-- Records supplied follows --
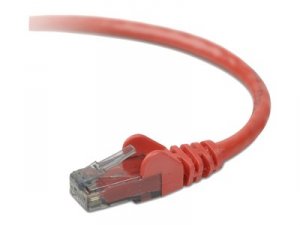 Belkin A3L980-35-RED-S Cat6 Snagless Patch Cablerj45mrj45m35 Red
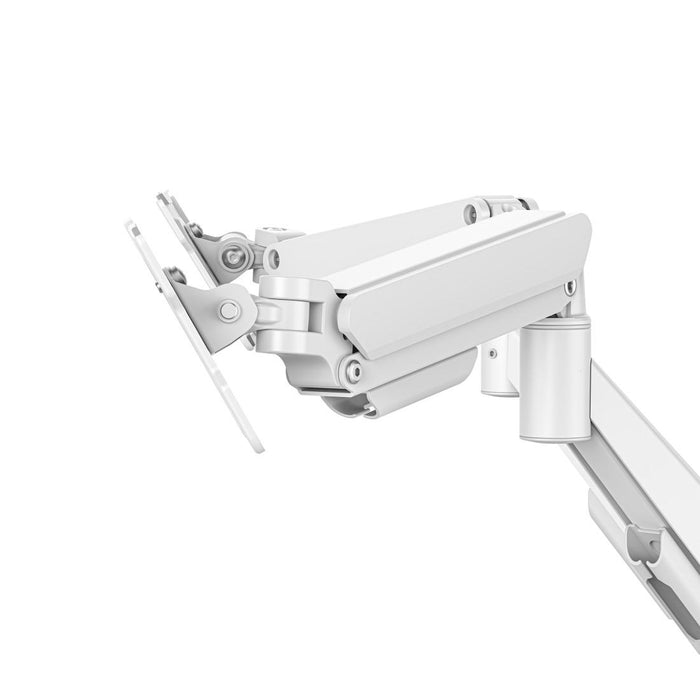 HAMA 2-Monitor Desk Stand, 17"-35", Adjustable, Gas Spring, White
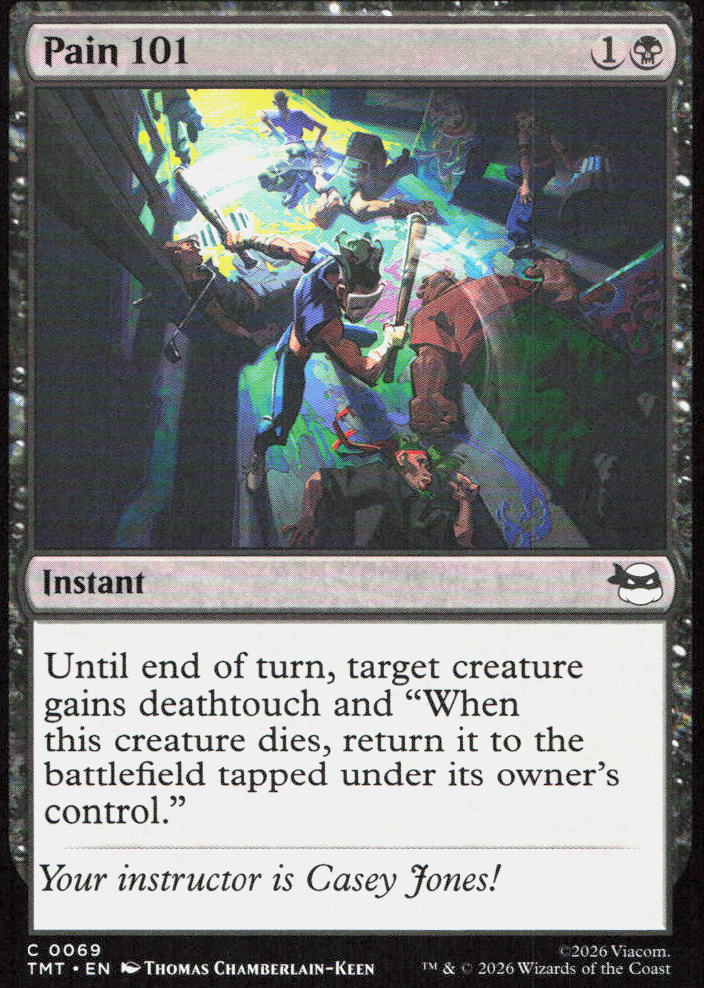 Pain 101 0069 Common Teenage Mutant Ninja Turtles Magic: The Gathering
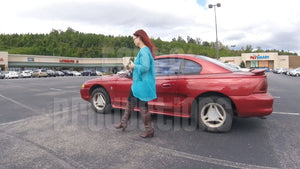 Brown Boots at Shopping Center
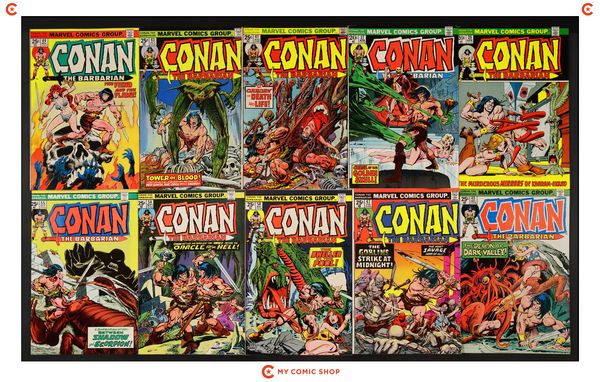 Conan the Barbarian Lot of 10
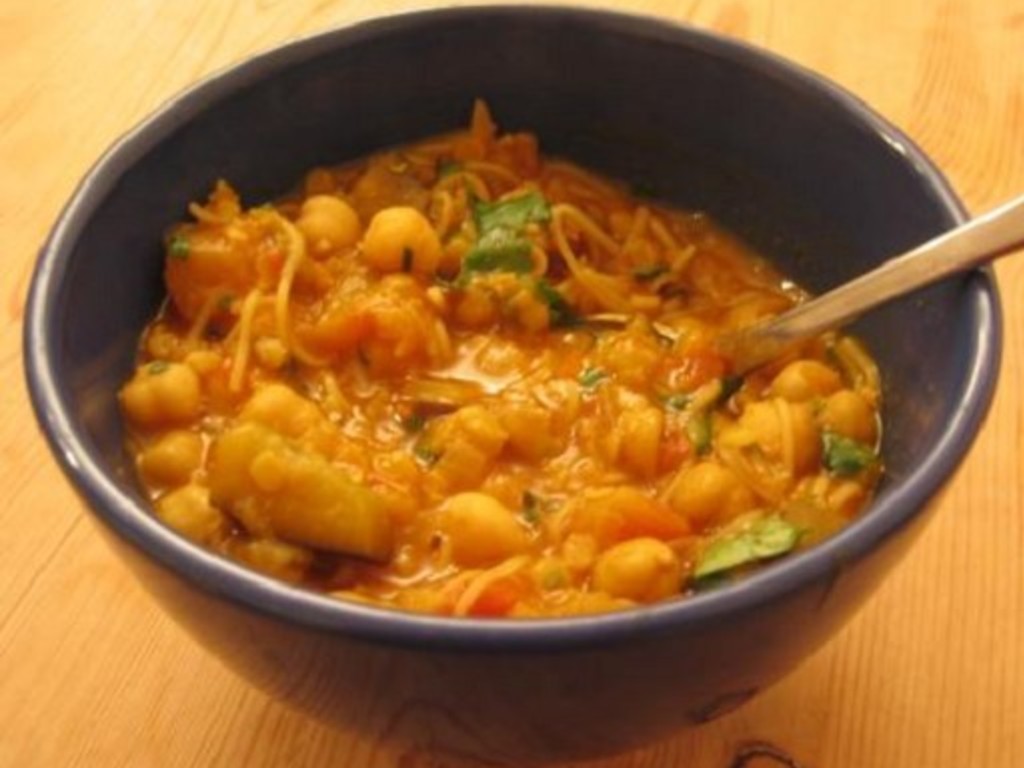 Zuppa di pollo e ceci - Harira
-- Records supplied concluded --
Prompt
Write out exactly, please, the lines that start at the one containing "Pain 101 0069" and run through the final line of the entries, both included, leaving pictures out.

Solution to this task
 Pain 101 0069 Common Teenage Mutant Ninja Turtles Magic: The Gathering
 Brown Boots at Shopping Center
 Conan the Barbarian Lot of 10
 Zuppa di pollo e ceci - Harira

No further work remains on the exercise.